Now comfortably heated by the drink, it was up the high hill again to perhaps one of the most ornate churches I’ve ever seen., totally unexpected. And this too, was yet another surprise in Morella. The introduction of what was inside, were the two fine 15th century doors. The larger is decorated with carved Apostles and the smaller is known as Virgins’ Doorway. The high altar insider is so spectacular, even the dome is covered with heavy gilt moldings and Baroque sculptures. This gem of the Baroque period features art from the 17th century. Two other outstanding and unique features are a wooden arcade with carvings in alabaster powder representing the Last Judgement and the spiral wooden steps with Old Testament figures wind around the column which leads to the arcade. There was so much to absorb that I almost missed the rare and highly decoratively painted and gilt wood Torull organ.

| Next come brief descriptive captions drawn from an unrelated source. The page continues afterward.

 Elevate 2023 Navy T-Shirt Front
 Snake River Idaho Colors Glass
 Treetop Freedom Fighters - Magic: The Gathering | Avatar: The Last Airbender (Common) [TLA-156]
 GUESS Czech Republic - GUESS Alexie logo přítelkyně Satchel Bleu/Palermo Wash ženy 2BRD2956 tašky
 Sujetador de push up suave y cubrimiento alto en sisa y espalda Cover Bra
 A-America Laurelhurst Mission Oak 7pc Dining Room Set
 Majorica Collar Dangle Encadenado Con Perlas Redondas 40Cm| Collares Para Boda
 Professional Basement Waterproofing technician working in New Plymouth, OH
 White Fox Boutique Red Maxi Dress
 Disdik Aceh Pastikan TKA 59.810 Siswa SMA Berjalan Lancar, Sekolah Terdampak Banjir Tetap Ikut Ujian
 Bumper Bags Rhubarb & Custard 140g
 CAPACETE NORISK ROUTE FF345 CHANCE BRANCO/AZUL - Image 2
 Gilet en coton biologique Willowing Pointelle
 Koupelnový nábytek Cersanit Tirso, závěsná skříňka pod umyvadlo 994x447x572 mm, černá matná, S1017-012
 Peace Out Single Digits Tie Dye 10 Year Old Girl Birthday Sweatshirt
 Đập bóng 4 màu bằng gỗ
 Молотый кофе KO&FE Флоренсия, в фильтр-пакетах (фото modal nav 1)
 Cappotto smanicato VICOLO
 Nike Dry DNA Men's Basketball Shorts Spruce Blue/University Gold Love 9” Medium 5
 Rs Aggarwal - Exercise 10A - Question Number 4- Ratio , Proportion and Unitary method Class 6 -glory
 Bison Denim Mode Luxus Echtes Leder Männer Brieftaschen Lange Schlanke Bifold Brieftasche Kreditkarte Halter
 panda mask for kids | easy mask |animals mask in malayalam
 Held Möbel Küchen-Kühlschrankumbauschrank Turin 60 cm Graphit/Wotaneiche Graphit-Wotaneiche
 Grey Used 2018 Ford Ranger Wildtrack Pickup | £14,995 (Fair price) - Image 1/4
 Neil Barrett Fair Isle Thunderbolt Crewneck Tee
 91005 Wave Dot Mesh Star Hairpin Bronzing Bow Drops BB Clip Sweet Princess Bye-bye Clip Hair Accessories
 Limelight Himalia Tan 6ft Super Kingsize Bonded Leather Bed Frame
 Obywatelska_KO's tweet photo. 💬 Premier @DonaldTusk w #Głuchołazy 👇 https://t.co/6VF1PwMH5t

And just when I thought the tour of the church was finished and I could search for more knitwear and the famed cecina (cured meat), I was led into The Archpriest’s Museum where again, there were treasures from the 15th to the 17th century. A silver and gold woven liturgical garment purported to date from the 15th century, was used by Pope Benedict X111, one of the members of the notorious Borgia family.

Among the winding, small streets with stucco houses and wrought iron balconies, I had come to Morella, had seen and the city had conquered me. It was a fine way to spend a few days in a most unexpected little, unknown historic town.